___ DATA BELOW

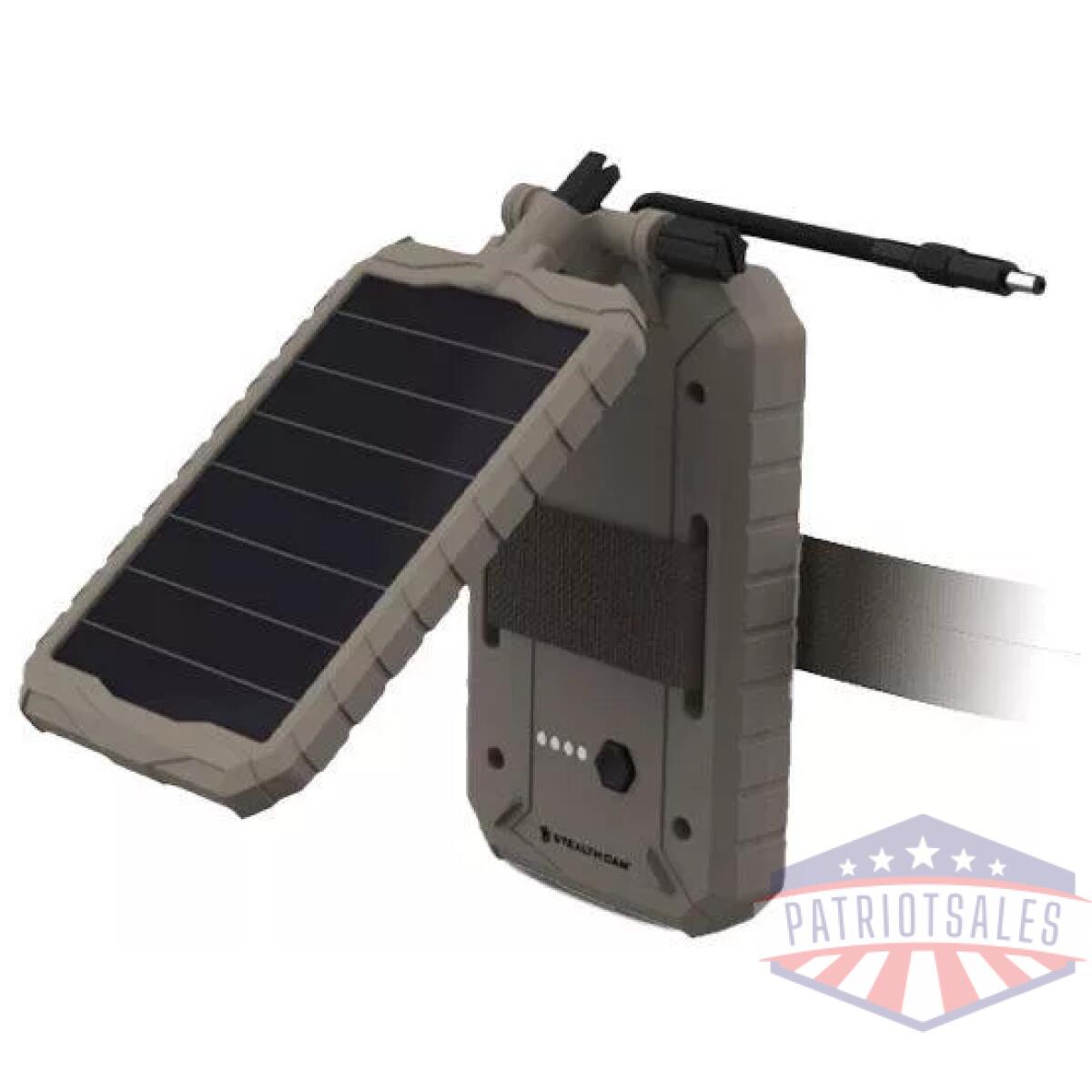 Https3a2f2fmedia. Chattanoogashooting. Com2fimages2fproduct2fgmstcsolp2fgmstcsolp5x-2. Webp - stealthcam solar power panel 3000 mah 10ft insulated metal cable usb port - https3a2f2fmedia. Chattanoogashooting. Com2fimages2fproduct2fgmstcsolp2fgmstcsolp5x 2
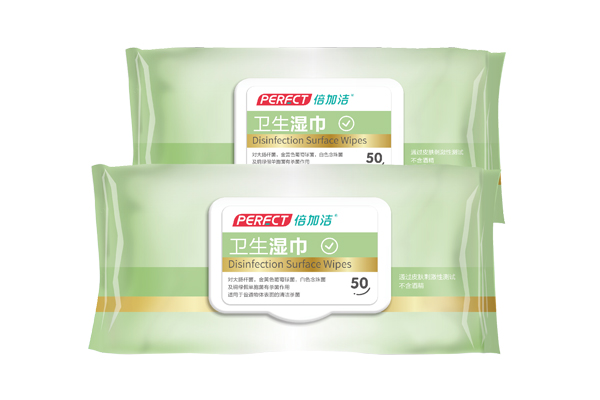Surface Cleansing&Disinfection Wipes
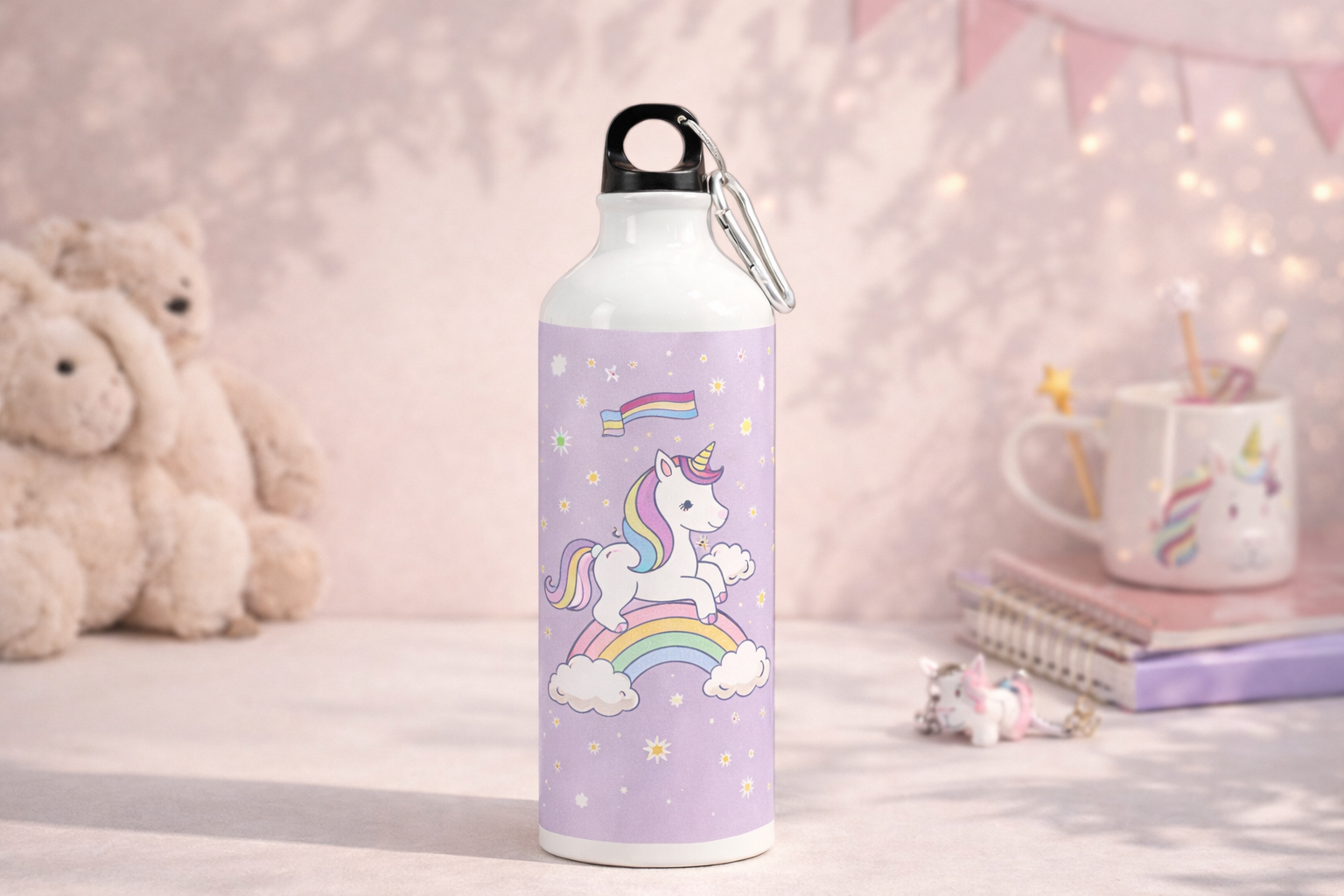 Hooked-Up Bottles 1219 Avenue India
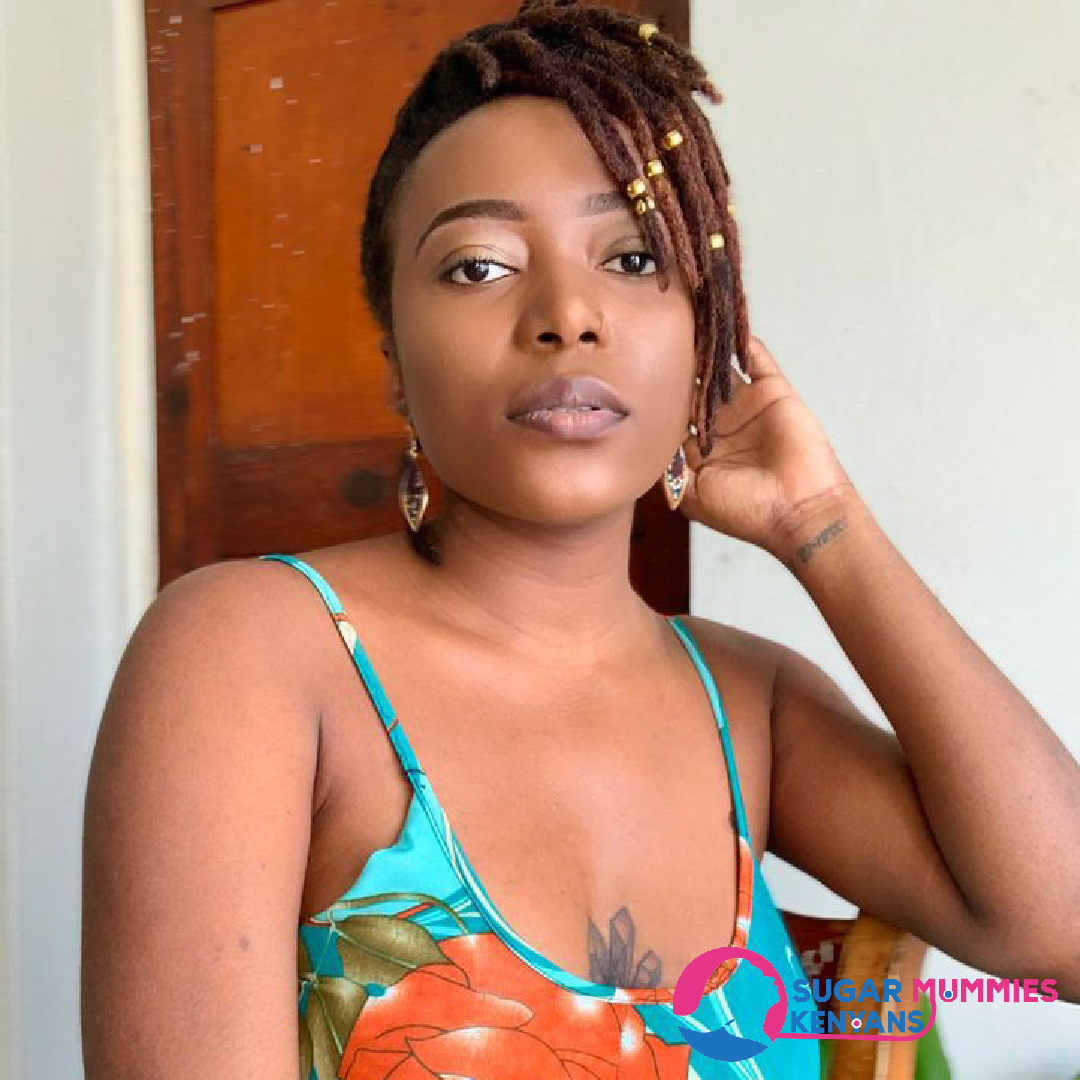 janice from nairobi seeking single young man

______

§ **WORK REQUIRED**: The data above should be repeated in full and exactly, with no pictures carried over.

§ **ANSWER BELOW**:
 Https3a2f2fmedia. Chattanoogashooting. Com2fimages2fproduct2fgmstcsolp2fgmstcsolp5x-2. Webp - stealthcam solar power panel 3000 mah 10ft insulated metal cable usb port - https3a2f2fmedia. Chattanoogashooting. Com2fimages2fproduct2fgmstcsolp2fgmstcsolp5x 2
Surface Cleansing&Disinfection Wipes
 Hooked-Up Bottles 1219 Avenue India
 janice from nairobi seeking single young man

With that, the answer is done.